Critically acclaimed actor Viggo Mortensen made his feature-film debut playing Alexander Godunov's Amish brother in Witness (1985). The suave, handsome actor has subsequently portrayed a wide variety of characters, often unapologetic bad boys, opposite some of Hollywood's most popular actors, including Sylvester Stallone, Demi Moore, and Nicole Kidman.
Born in New York City, on October 20, 1958, to an American mother and a Danish father, Mortensen spent his first years in Manhattan and the rest of his youth living in Argentina, Venezuela, and Denmark. Returning to Manhattan in the early '80s, he studied acting at Warren Robertson's Theatre Workshop and then embarked upon a stage career before moving to Los Angeles. There, he earned a Dramalogue Critics Award for his performance in a Coast Playhouse production of Bent and became a familiar figure on the L.A. punk scene (something that was aided by his brief marriage to Exene Cervenka, lead singer of the punk band X). Following his debut in Witness, Mortensen began working steadily in a number of diverse films, becoming a familiar but not instantly recognizable face to filmgoers. He did some of his more memorable work as a series of louts and villains, in such films as The Indian Runner (1991, written and directed by Sean Penn), which cast him as David Morse's morally questionable brother; Carlito's Way (1993), in which he played a paraplegic ex-con who tries to snitch on Al Pacino; and The Prophecy (aka God's Army) (1995), which required the actor, in the role of Lucifer, to rip out Christopher Walken's heart and then eat it.

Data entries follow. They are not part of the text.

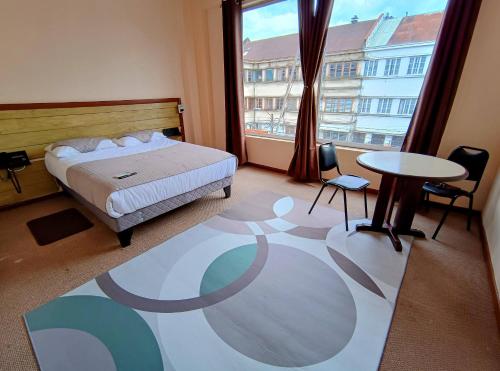 奥索尔诺Sky Osorno的一间卧室配有一张床、一张桌子和一个窗户。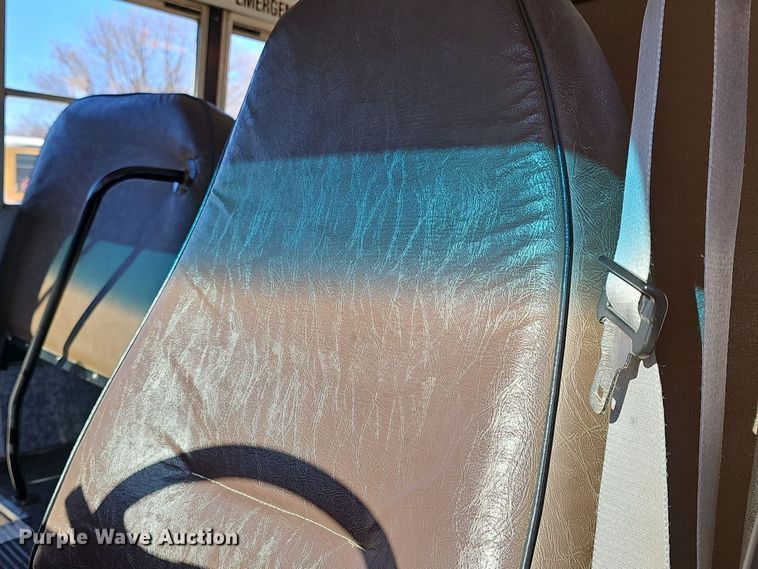 image for item DO7720 2000 Blue Bird E350 Super Duty school bus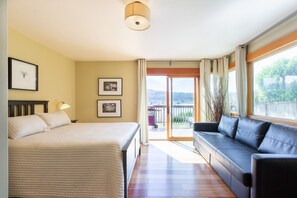 5 makuuhuonetta, silitysrauta/-lauta, ilmainen Wi-Fi, vuodevaatteet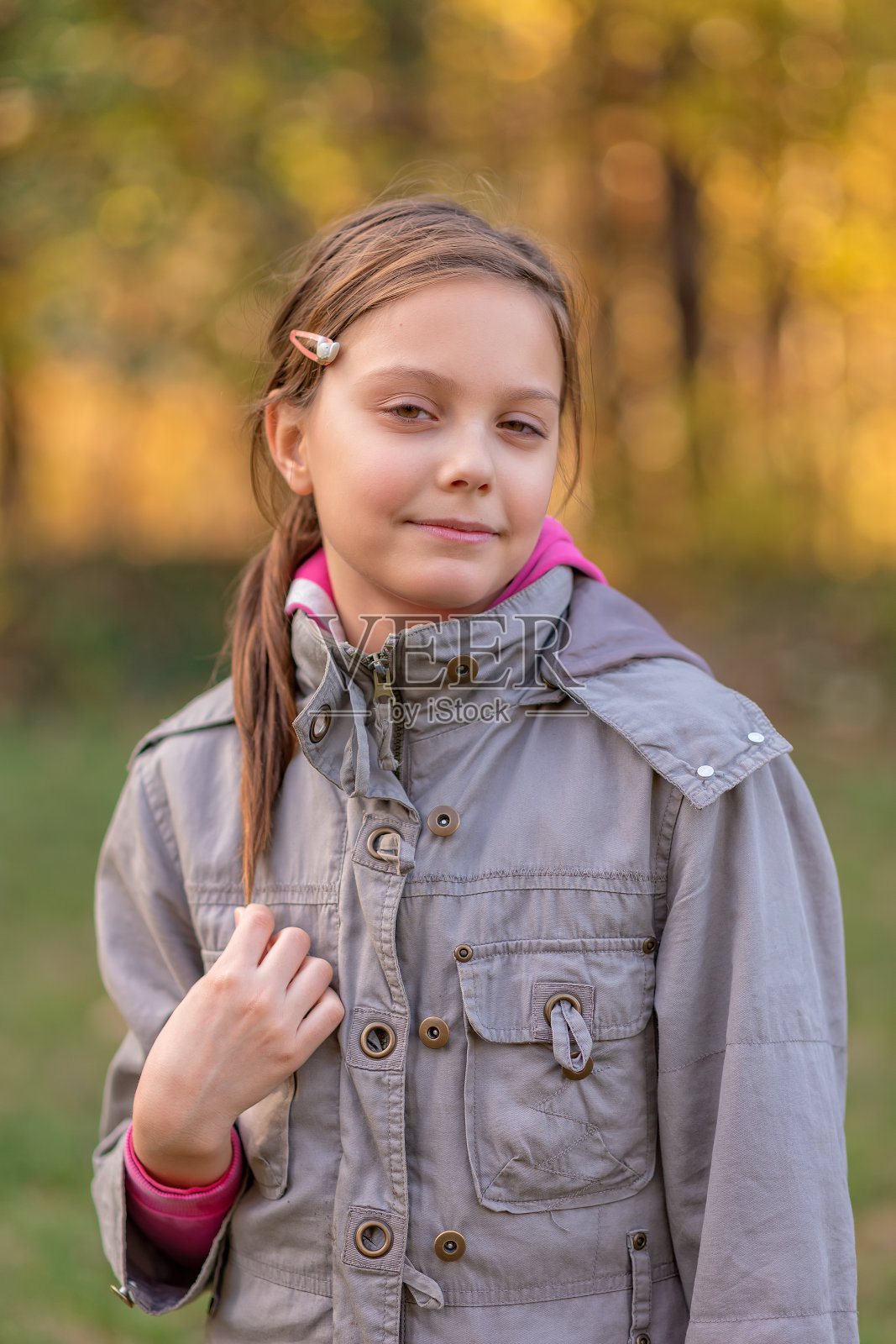 一个女孩的肖像在森林里与美丽的散焦。照片摄影图片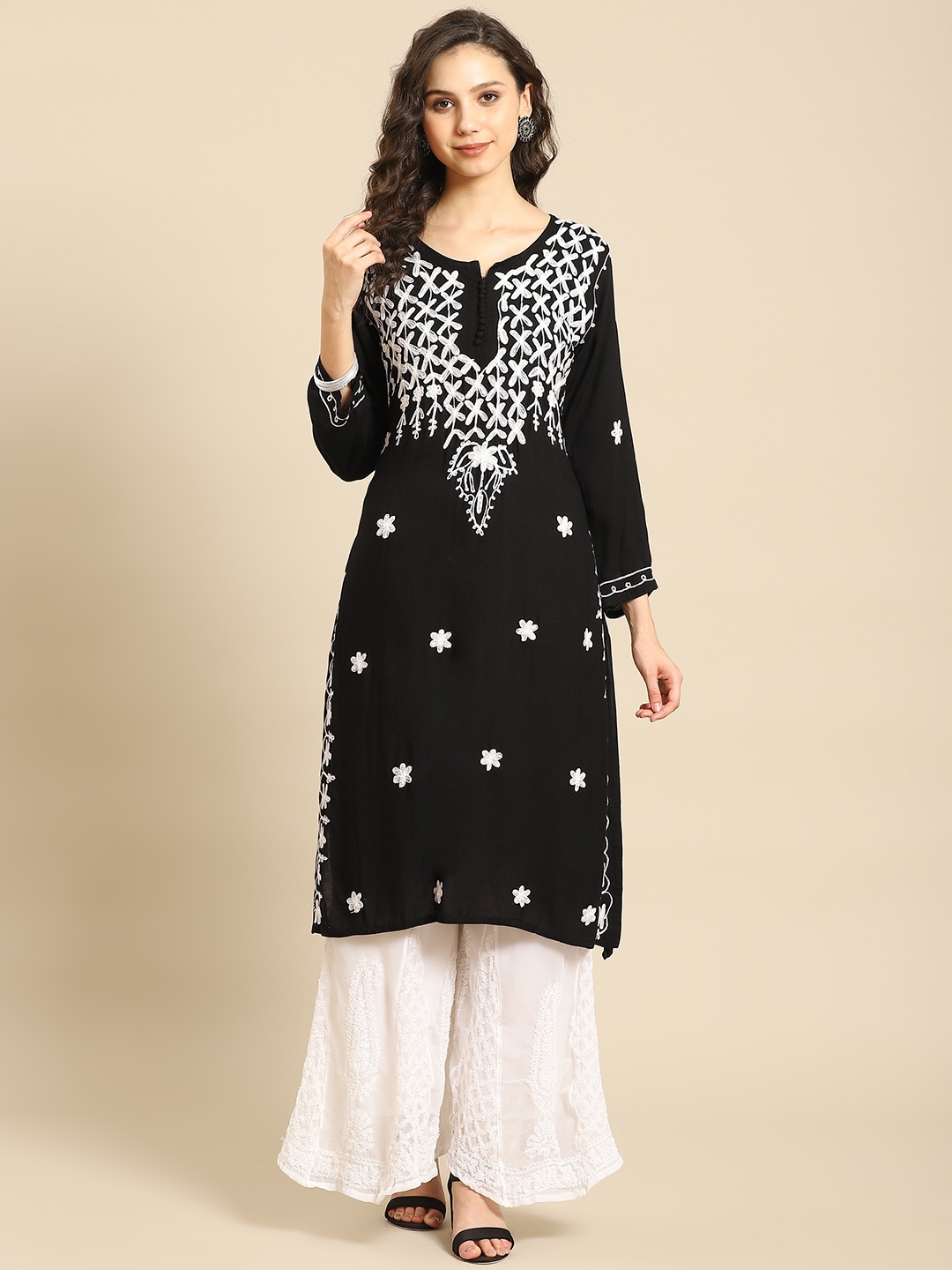 

Saadgi Women Black & White Motifs Chikankari Cotton Handloom Straight Kurta with Palazzos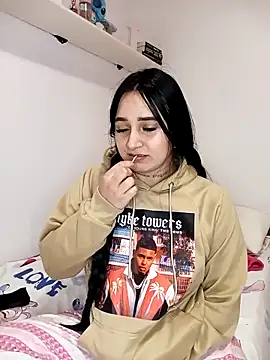 Juanamd1 online show from February 25, 11:19 am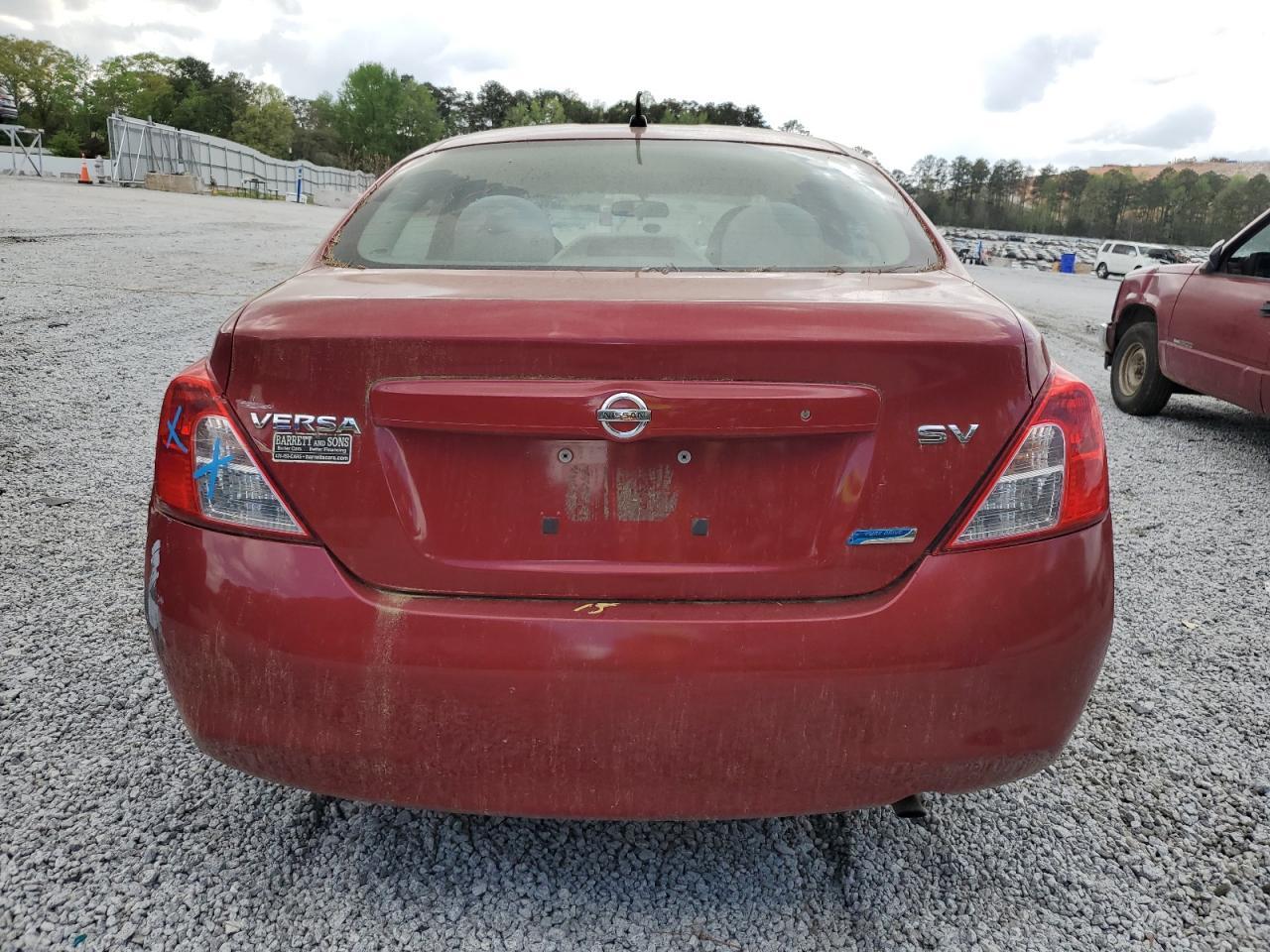 2012 NISSAN VERSA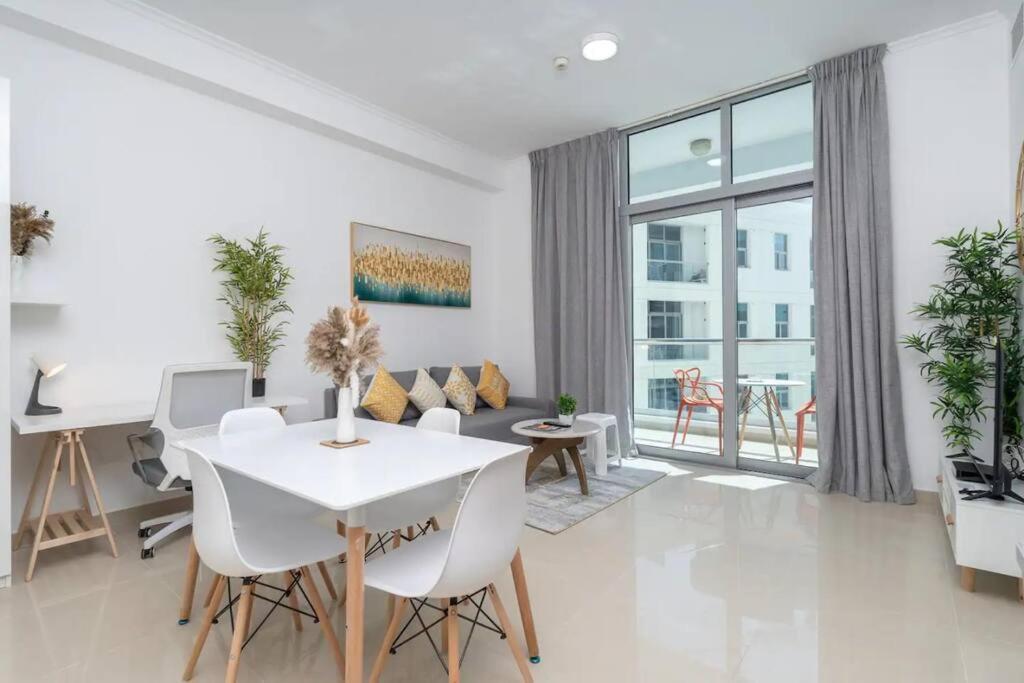 هتل رنوویتد اند مدرن 1 بد این د هارت آف مارینا - Renovated and Modern 1 Bed in the heart of Marina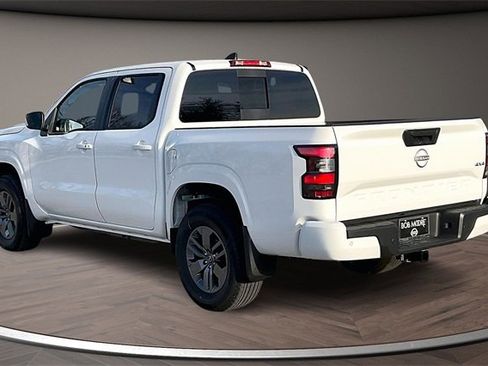 New 2026 Nissan Frontier SV w/ SV Convenience Package image 3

Mortensen finally attained a greater measure of recognition with his smoldering portrayal of one of Isabel Archer's (Nicole Kidman) suitors in Jane Campion's 1996 adaptation of The Portrait of a Lady. He then made another strong impression as Demi Moore's rough, tough, and buff training instructor in G.I. Jane (1997) and, the following year, he was one of the few redeeming features of A Perfect Murder, in which he supplied sexy menace (as well as his own art work) as Gwyneth Paltrow's murderous artist lover. He allowed his softer side to come through in Tony Goldwyn's acclaimed A Walk on the Moon (1999), which cast him as the hippie lover of a dissatisfied housewife (Diane Lane) in Woodstock-era upstate New York. His more romantic side was again in evidence in the romantic drama 28 Days (2000), in which he played recovering party girl Sandra Bullock's rehab honey.
Replacing Irish actor Stuart Townsend in the role of Aragorn shortly after production had begun on director Peter Jackson's eagerly anticipated film adaptation of J.R.R. Tolkien's Lord of the Rings, Mortensen secured a strong screen presence through 2003, with the release of the trilogy's final installment, The Return of the King. In 2004, he proved that he could carry a film on his own when he starred as Wild West adventurer Frank T. Hopkins in the horse-racing period film Hidalgo. In 2005, the actor won critical raves when he headlined the visceral David Cronenberg crime thriller A History of Violence, vis-a-vis Ed Harris and William Hurt; as Tom Stall, a seemingly open-faced small-town Hoosier whose dark and brutal past comes to light during a diner robbery, Mortensen lent the film a great deal of momentum and held audiences rapt. History received two Academy Award nominations, though Mortensen failed to net one for Best Actor.
Mortensen returned to period adventures in 2006 when he played the titular solider-turned-mercenary in Agustín Díaz Yanes' Spanish-language film Alatriste, set during Spain's 16th century imperial wars.
In 2007 Mortensen teamed up for a second time with David Cornenberg, playing a Russian mob enforcer in Eastern Promises. His impressive work in the film garnered him strong reviews as well as an Oscar nomination for Best Actor. Unfortunately for Mortensen, that year brought some stiff competition in the form of Daniel Day Lewis, who ultimately took home the award for his powerful performance in Paul Thomas Anderson's There Will Be Blood. A grim trek through a post-apocalyptic wasteland followed when Mortensen took the lead in John Hillcoat's adaptation of Cormac McCarthy's The Road (2009), and in 2011 the actor continued his collaboration with Canadian auteur Cronenberg by playing none other than legendary psychologist Sigmund Freud (opposite Michael Fassbender's Carl Jung) in A Dangerous Method.